- About this task: All that is needed is the lines from the one containing "MARDI MERCREDI 2503 小雏菊单花短袖T恤 米白" through the end of the listing, printed exactly, with no pictures among them.

**** Source data ****

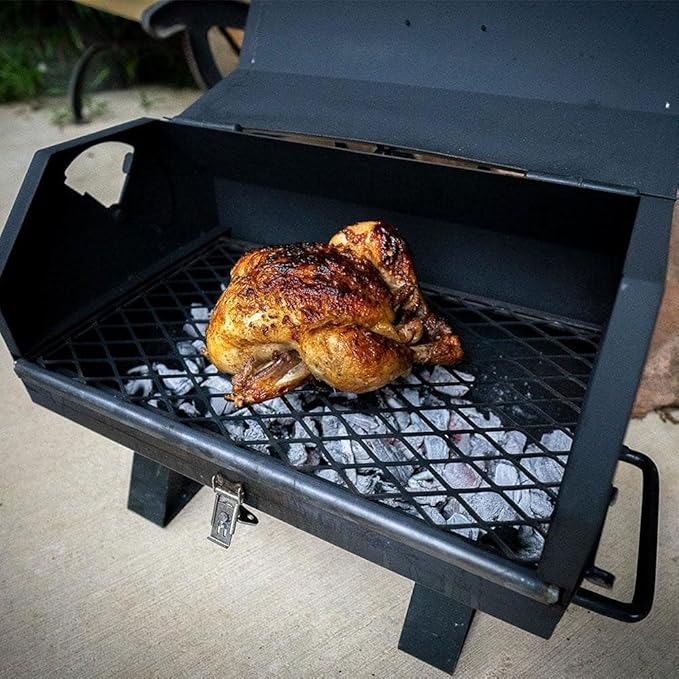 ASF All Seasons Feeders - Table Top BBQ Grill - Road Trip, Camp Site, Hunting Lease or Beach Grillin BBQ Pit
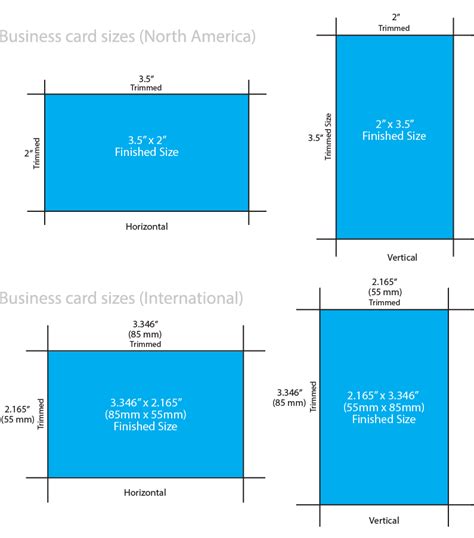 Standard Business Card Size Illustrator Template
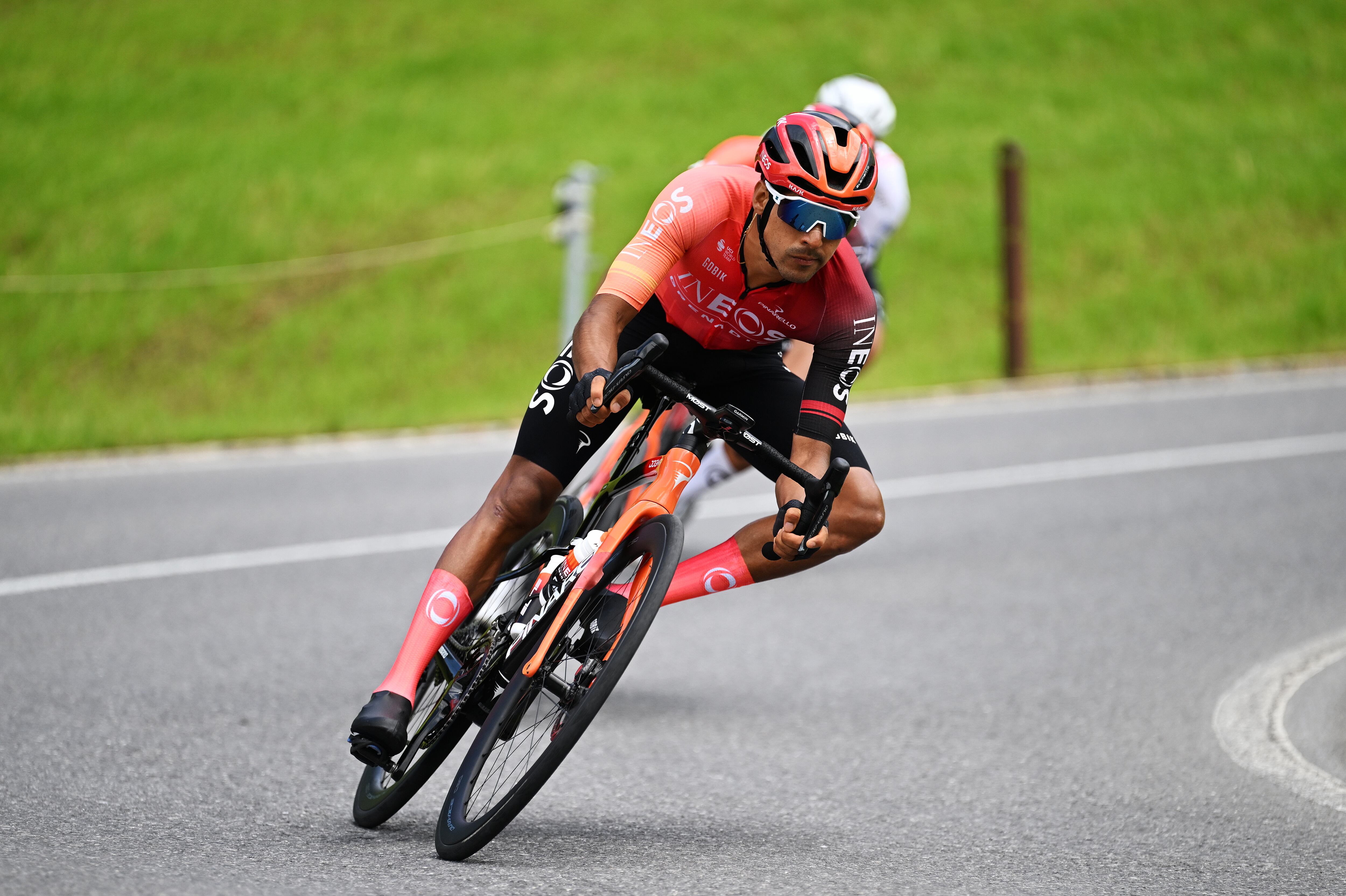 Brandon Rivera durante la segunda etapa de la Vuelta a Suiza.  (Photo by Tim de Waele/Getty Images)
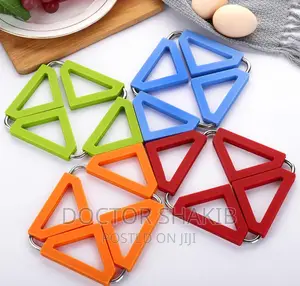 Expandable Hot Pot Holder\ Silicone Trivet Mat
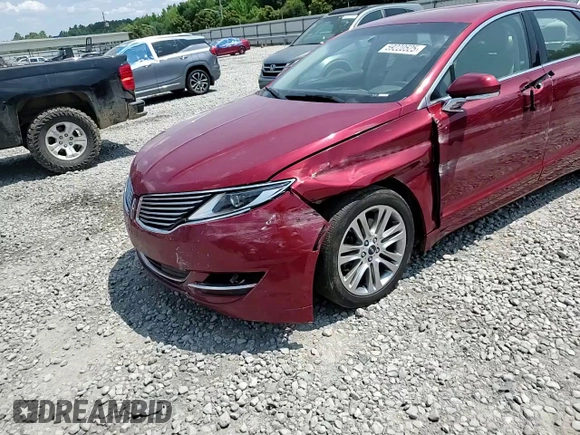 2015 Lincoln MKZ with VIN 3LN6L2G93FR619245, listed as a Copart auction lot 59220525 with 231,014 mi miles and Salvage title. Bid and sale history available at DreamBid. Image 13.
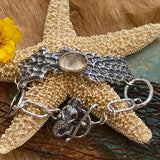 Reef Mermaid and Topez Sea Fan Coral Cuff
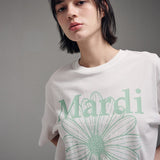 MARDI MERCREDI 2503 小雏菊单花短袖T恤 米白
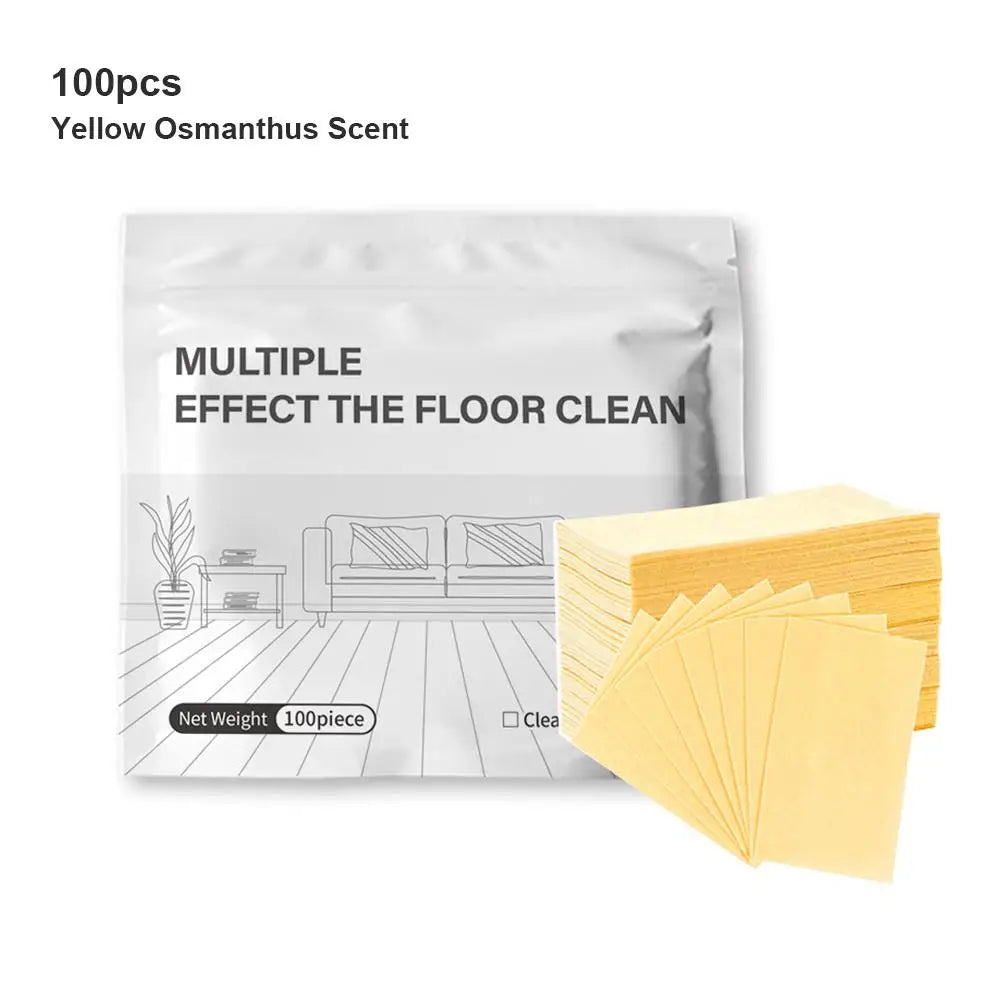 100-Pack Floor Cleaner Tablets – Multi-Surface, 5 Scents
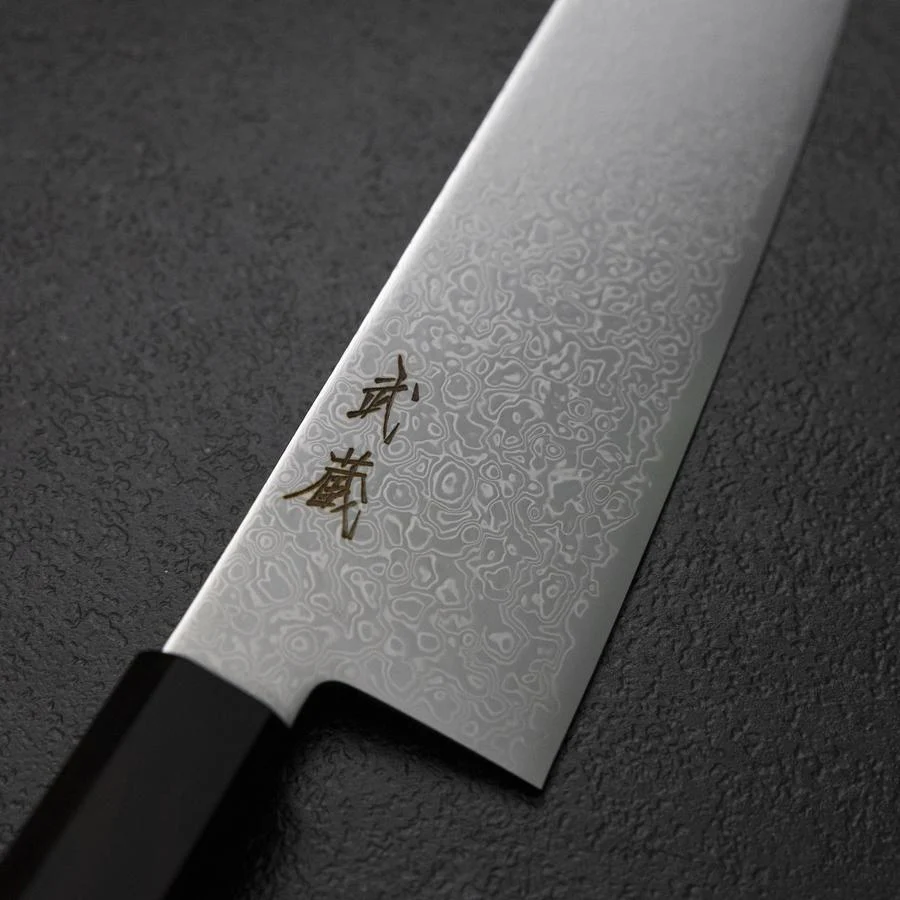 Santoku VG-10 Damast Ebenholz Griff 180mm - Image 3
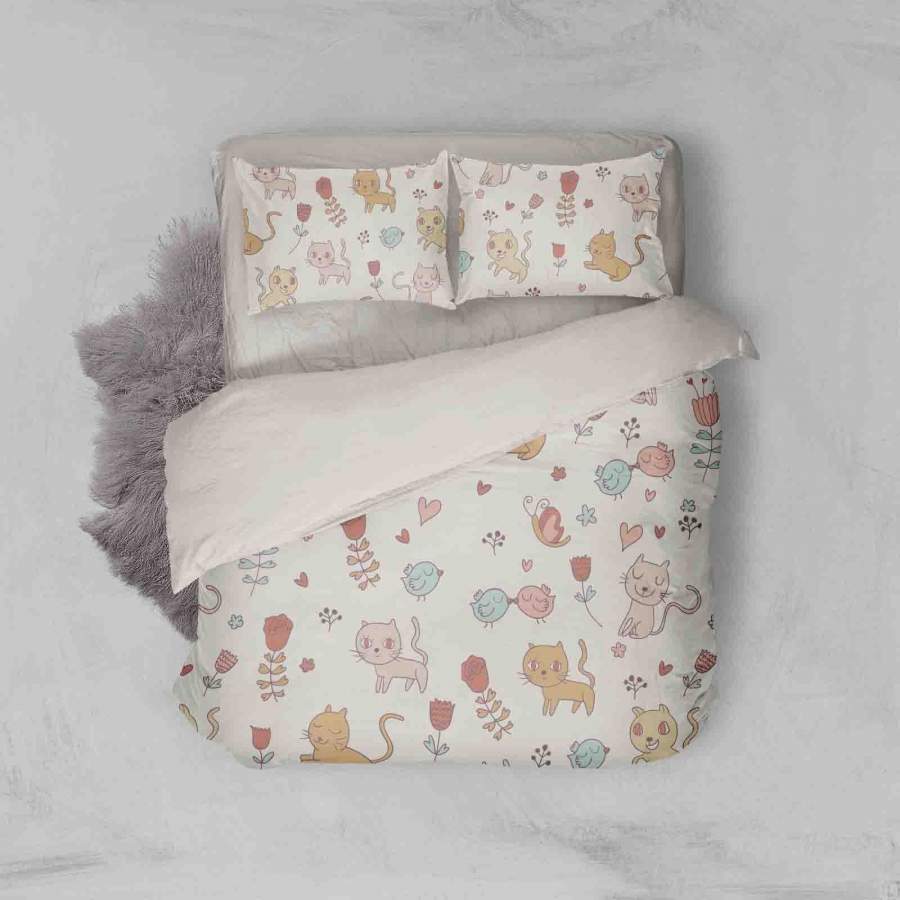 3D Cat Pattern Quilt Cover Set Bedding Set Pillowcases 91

****

- Written response:
 MARDI MERCREDI 2503 小雏菊单花短袖T恤 米白
 100-Pack Floor Cleaner Tablets – Multi-Surface, 5 Scents
 Santoku VG-10 Damast Ebenholz Griff 180mm - Image 3
 3D Cat Pattern Quilt Cover Set Bedding Set Pillowcases 91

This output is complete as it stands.